By 1500 hours a breach had occurred, allowing the Afghan’s to flood the inner quadrangle and allowed surviving Sikh defenders to leap upon them screaming, shirtless and knives drawn from the height of the fort’s inner perimeter catwalks and a lengthy cataclysmic orgy of primitive and profound hand to hand combat ensued. The Sikh’s slashed throats and stabbed vital organs of their attackers, commandeered the rifles of the dead and unloaded into the teeth of the assaulting Pashtun’s. Gurmukh Singh, who communicated the battle in it’s entirety by signal with nearby British Col. Haughton, who was without sufficient reinforcements and unable to assist, was the FINAL Sikh defender. He is stated to have killed 20 Afghans, the Pashtuns having to set fire to the observation post to kill him. He lept while burning, knife drawn and fell into the writhing mass of Pashtun’s. As he was dying he was said to have yelled repeatedly the Sikh battle-cry “Bole So Nihal, Sat Sri Akal” (Shout Aloud in Ecstasy! True is the Great Timeless One). “Akal,” meaning Immortal, beyond death, the Supreme Creator God unbound by time and non-temporal.
The following day when thousands of British Army reinforcements arrived and successfully repelled the Afghan’s, exactly 21 Sikh MEN were found, most shirtless, all knives drawn from hip sheaths, and covered in blood surrounded by over 600 dead Afghan fighters. Not a single, not ONE SINGLE ROUND remaining was discovered in any Sikh ammo carrier, magazine, nor rifle itself. All munitions, including the reserves were categorically expended during the battle in it’s entirety per each Sikh Warrior to the last, living MAN.

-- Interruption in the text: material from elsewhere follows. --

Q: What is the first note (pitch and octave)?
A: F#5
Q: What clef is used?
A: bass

All of the 21 Sikh non-commissioned officers and soldiers of other ranks who laid down their lives in the Battle of Saragarhi were posthumously awarded the Indian Order of Merit, the highest gallantry award of that time, which an Indian soldier could receive by the hands of the British crown, the corresponding gallantry award being Victoria Cross. This award is equivalent to today’s Param Vir Chakra awarded by the President of India. They the 21 were ALL born in Majha region of Punjab.

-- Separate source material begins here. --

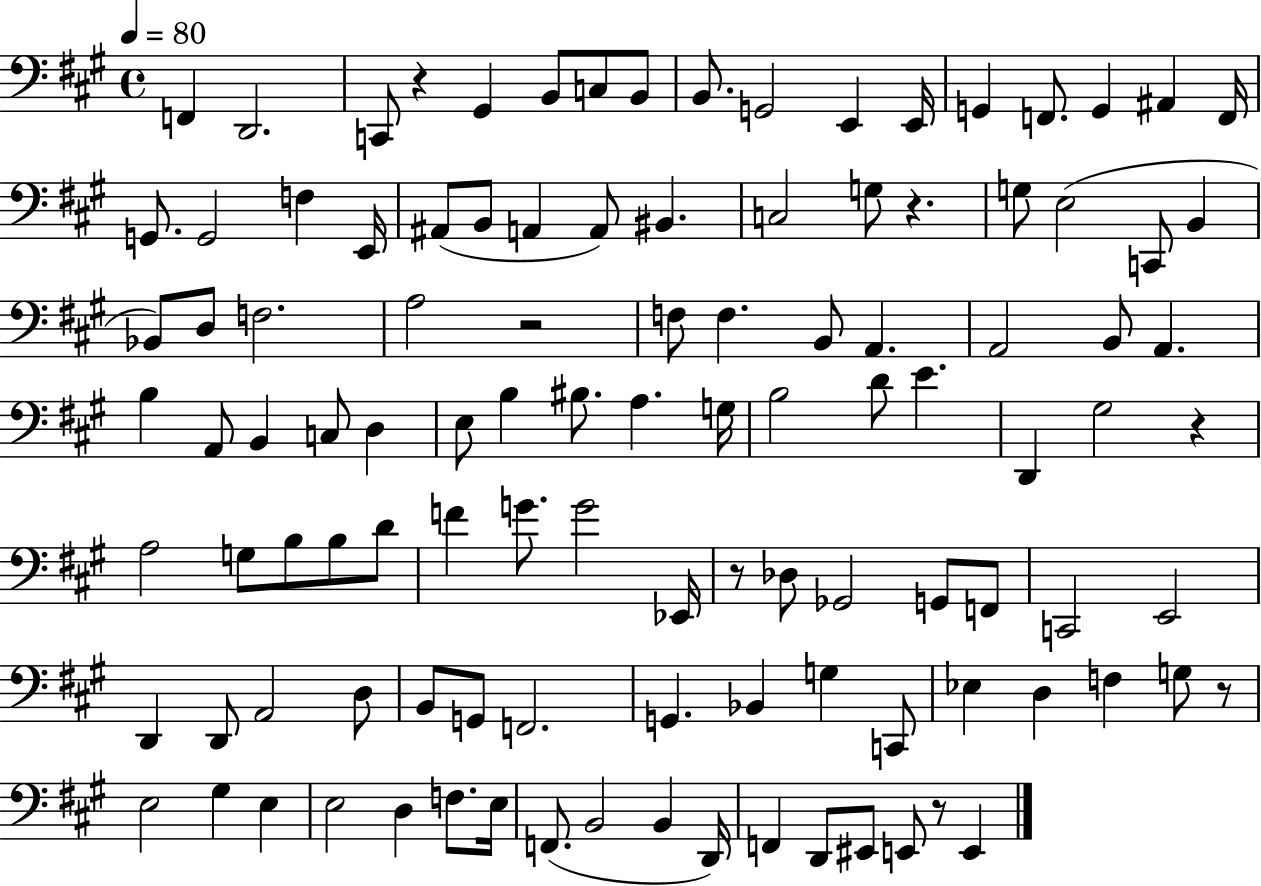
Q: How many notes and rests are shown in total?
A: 110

The names of the 21 recipients of the gallantry award are as follows:
- Havildar Ishar Singh (Regimental number 165)
- Naik Lal Singh (332)
- Naik Chanda Singh (546)
- Lance Naik Sundar Singh (1321)
- Lance Naik Ram Singh (287)
- Lance Naik Uttar Singh (492)
- Lance Naik Sahib Singh (182)
- Sepoy Hira Singh (359)
- Sepoy Daya Singh (687)
- Sepoy Jivan Singh (760)
- Sepoy Bhola Singh (791)
- Sepoy Narayan Singh (834)
- Sepoy Gurmukh Singh (814)
- Sepoy Jivan Singh (871)
- Sepoy Gurmukh Singh (1733)
- Sepoy Ram Singh (163)
- Sepoy Bhagwan Singh (1257)
- Sepoy Bhagwan Singh (1265)
- Sepoy Buta Singh (1556)
- Sepoy Jivan Singh (1651)
- Sepoy Nand Singh (1221)
Saragarhi Day, is a Sikh military commemoration day celebrated on 12 September every year to commemorate The Battle of Saragarhi. Sikh military personnel and Sikh non-military people commemorate the battle around the World every year on 12 September. All units of the Sikh Regiment celebrate Saragarhi Day every year as the Regimental Battle Honours Day.
Saragarhi Memorial Gurudwara (Sikh temple) was built in memory of the 21 Sikh soldiers that fought at The Battle of Saragarhi.